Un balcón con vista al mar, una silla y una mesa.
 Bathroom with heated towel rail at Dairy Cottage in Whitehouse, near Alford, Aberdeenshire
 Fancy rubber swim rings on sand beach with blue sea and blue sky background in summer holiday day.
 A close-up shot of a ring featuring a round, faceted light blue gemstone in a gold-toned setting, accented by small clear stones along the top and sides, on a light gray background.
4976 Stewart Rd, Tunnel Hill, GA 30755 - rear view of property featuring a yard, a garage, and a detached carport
^^^^^^^^^^^^^^^^
Description of the task: Retype the data in full, exactly.

Response to this task:
Un balcón con vista al mar, una silla y una mesa.
 Bathroom with heated towel rail at Dairy Cottage in Whitehouse, near Alford, Aberdeenshire
 Fancy rubber swim rings on sand beach with blue sea and blue sky background in summer holiday day.
 A close-up shot of a ring featuring a round, faceted light blue gemstone in a gold-toned setting, accented by small clear stones along the top and sides, on a light gray background.
4976 Stewart Rd, Tunnel Hill, GA 30755 - rear view of property featuring a yard, a garage, and a detached carport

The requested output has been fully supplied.